Let us firstly consider the cultural mosaic that characterizes this General Congregation. Out of the 215 members of the Congregation, the statistics on countries of origin, culture, languages spoken, and other distinctive traits speak eloquently for themselves: 63 different national identities, more than 100 cultural traditions, more than 100 ethnicities and tribes, more than 100 languages, including the ethnic mother-tongues of many companions…
Nevertheless, beyond this diversity of cultures and civilizations, the feeling of unity and common identity has been the over-riding influence. This is not only in the discussions we have had about the fundamental directions to take for the mission of the Society in our contemporary world, but also about our lifestyle and our “way of proceeding.” This is evident in the modesty of our appearance, the simplicity of our way of dressing, the sense of rigor and asceticism, Jesuit humor. It is evident in the inclination to always give first preference to the other person and the spontaneous application of number 22 of the Spiritual Exercises – the rule that instructs us to always give a positive interpretation in our discussions with others, but also, alas, our well known reputation for not being the best of singers, especially in choir…).
It is also true that we have sometimes had difficult exchanges on certain issues concerning our life and mission in the Society and in the Church. But this is only natural and comes from the inherent difficulties of the process of a “rational discussion” (Habermas). The differences in points of view in any given group are not to be construed as signs of division. Rather, they are part of the process of discernment in which one tries to search for the will of God in order to accomplish it more efficaciously.
The sense of unity and shared identity cannot be reduced to a homogenization of individuals, which would lead them to be all uniformly alike. As the General, Fr.
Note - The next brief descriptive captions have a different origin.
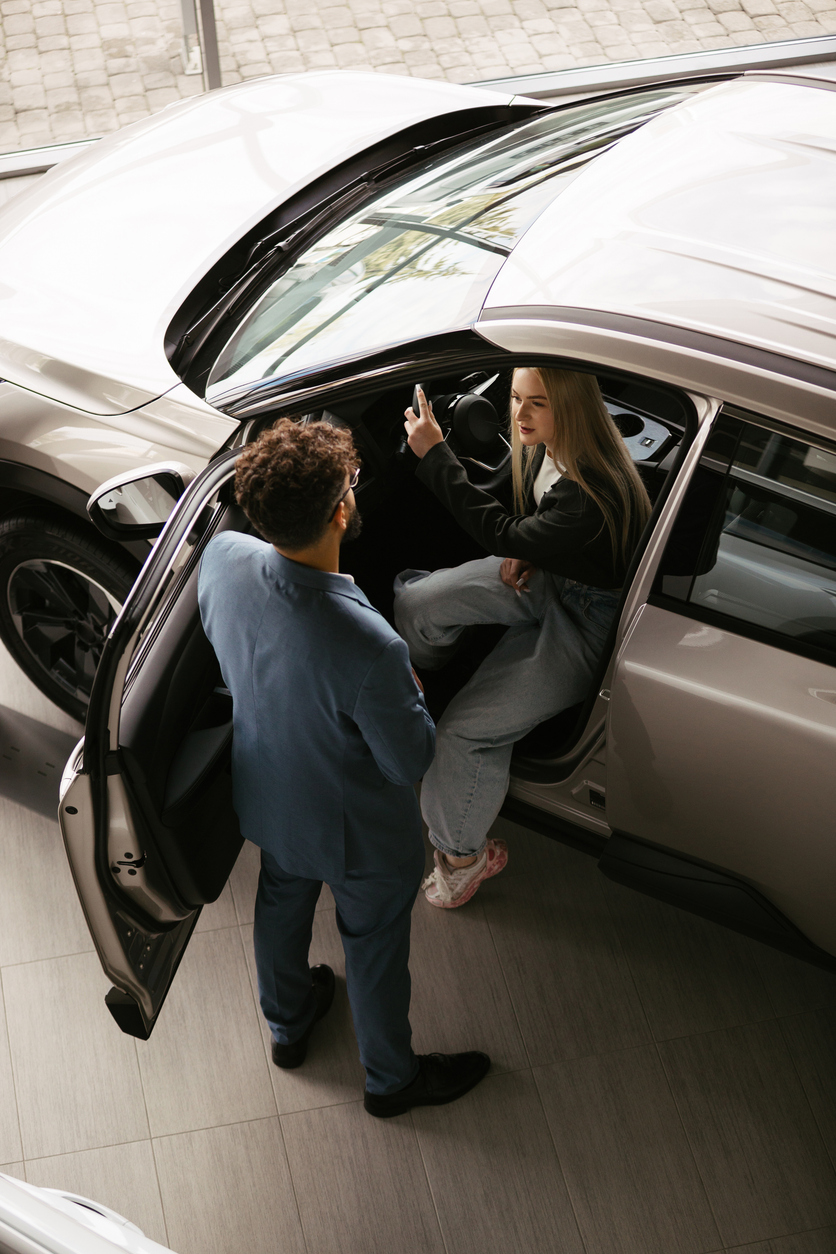 Accord professionnel lié à l’utilisation d’un véhicule dans le cadre d’activités d’entreprise. Illustration d’une situation visée par l’assurance auto‑entreprise au Québec.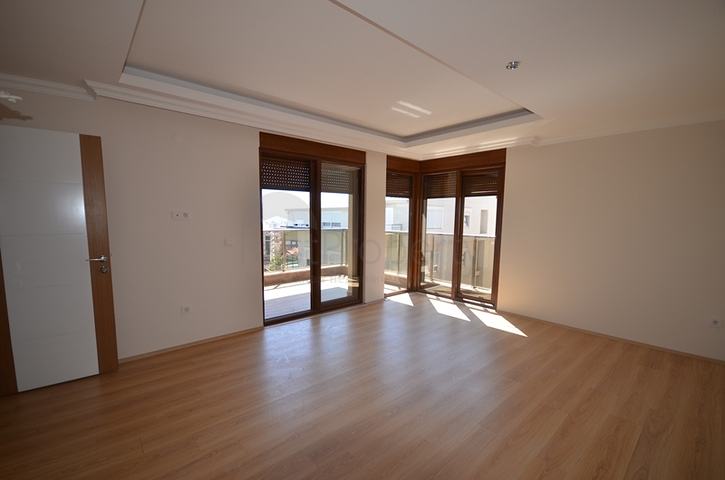 Новые квартиры 2+1 и 3+1  в комплексе  с видом на море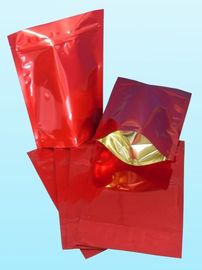 El empaquetado rojo llano brillante de la bolsa de la hoja representa para arriba el grano de café
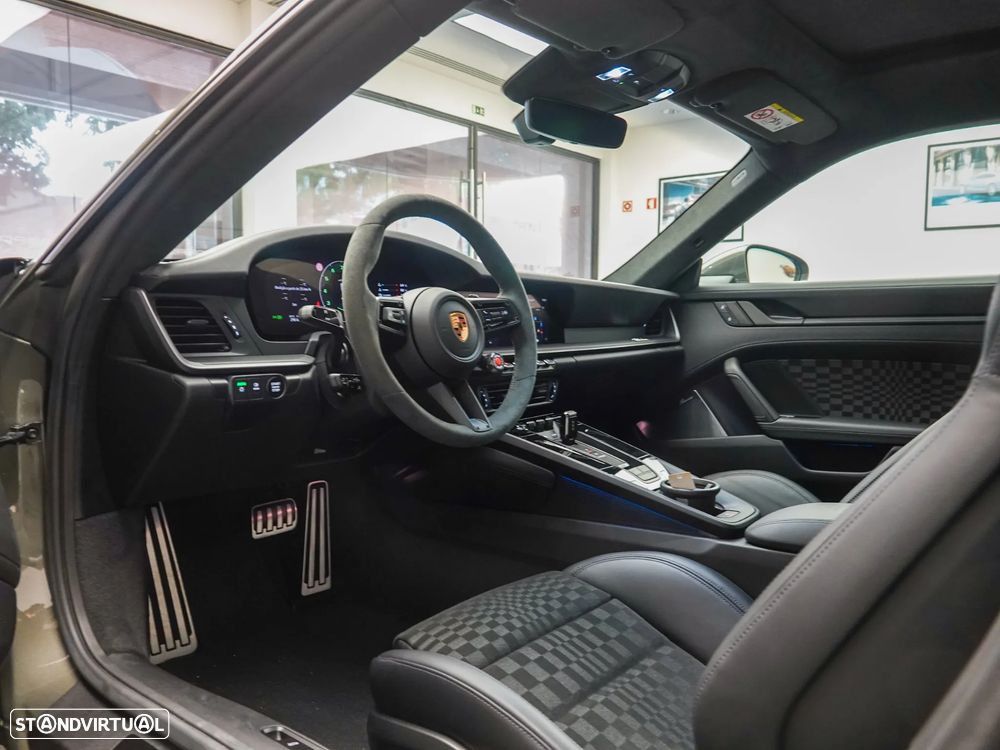 Porsche 911 (992) - 21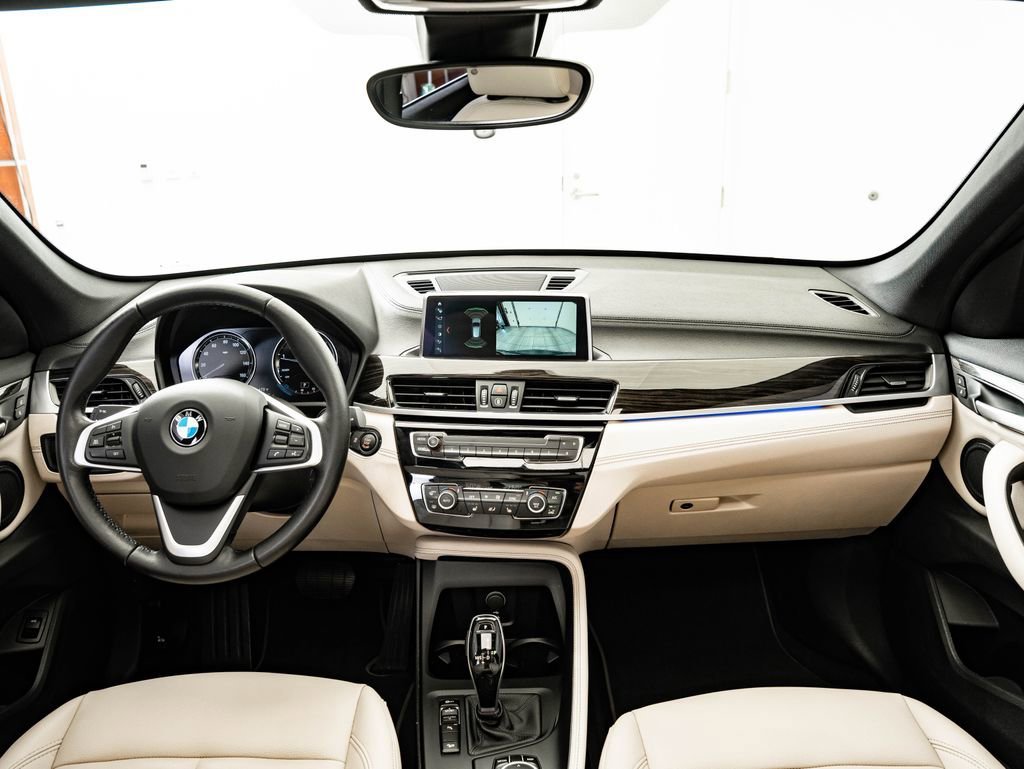 Used 2021 Mineral Gray Metallic BMW xDrive28i image 4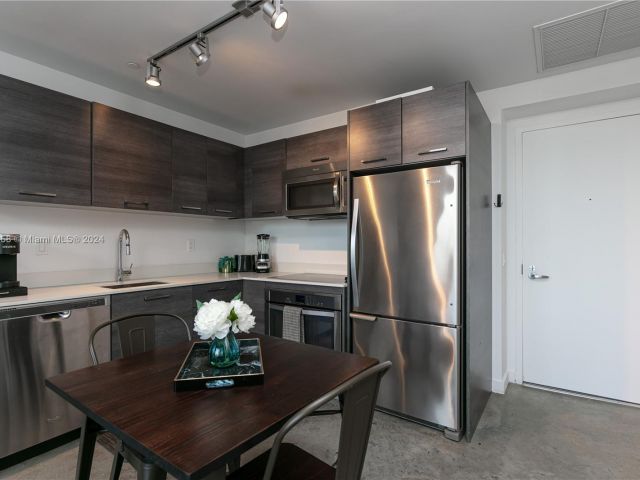 Apartment for sale  Unit #3103 - photo 5444282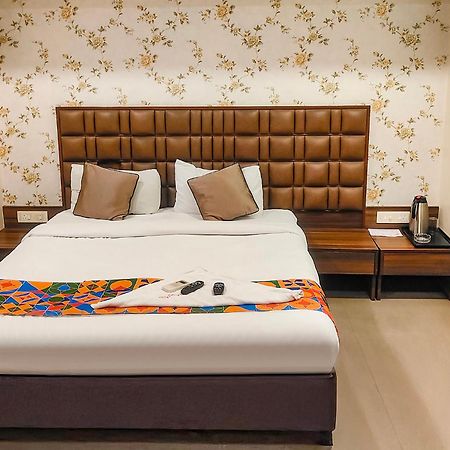 Turambhe Fabhotel Landmark Residency - Nr Midc Turbhe מראה חיצוני תמונה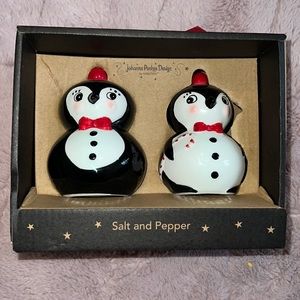 Johanna Parker salt and pepper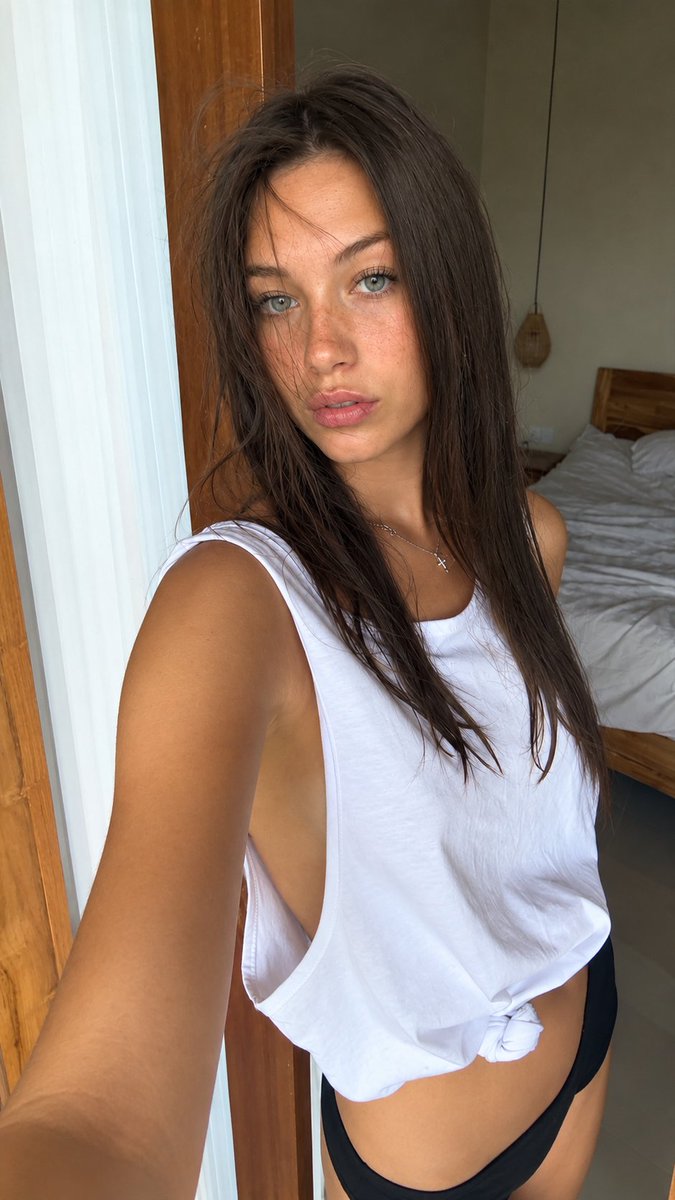 Tallurefem's tweet photo. Trans and proud ❤���🏳️‍⚧️

#transmodel #transgirls #femboy https://t.co/YGXQzEYjip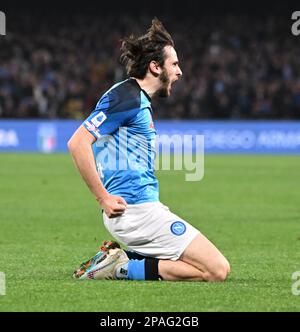 Napoli, Italia. 11th Mar, 2023. Khvicha Kvaratskhelia di Napoli celebra il suo gol durante una partita di calcio di Serie A tra Napoli e Atalanta a Napoli il 11 marzo 2023. Credit: Alberto Lingria/Xinhua/Alamy Live News Foto Stock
Arturo Sosa, has said (before his election!), we, Jesuits, are different because we speak different languages, we come from different countries and we have different cultures. But at the same time, we are all the same, because we all speak the “same language.”
It is in this context that I would like to situate the fundamental experience that has touched me a lot (in the sense of consolation) during this General Congregation. In this way, whether one is from Vietnam, East Timor, England, Belgium, the United States, Russia, Croatia, Venezuela, Brazil, Cuba, Japan, Italy, France, India, Slovakia, Germany, China, Canada, Burkina Faso, Guinea Conakry, or the Democratic Republic of Congo; as Jesuits, we all speak the same language, that of working for the salvation of souls and promoting the greater glory of God.
And so it is wonderfully consoling to discover that all Jesuits, beyond their cultural differences, are gathered under the same banner. This is largely thanks to our Jesuit formation in which resides the “secret” of the Jesuit identity: the Spiritual Exercises of St. Ignatius of Loyola.
So here is a model of unity and identity that we could propose, mutatis mutandis, to our world which tends to liken, wrongly, our contemporary state of cultural pluralism to a confrontation (or a war) between civilizations and peoples.
In effect, the pluralism, which is at the heart of our globalized universe, is not a curse. It is possible to construct a common identity if and only if we learn to speak, through our different languages and cultures, a common language, that of the peace of God and justice for all.
The example of the Society of Jesus, amongst so many others in the Church, can, in this way, be a stimulus in this direction in today’s world.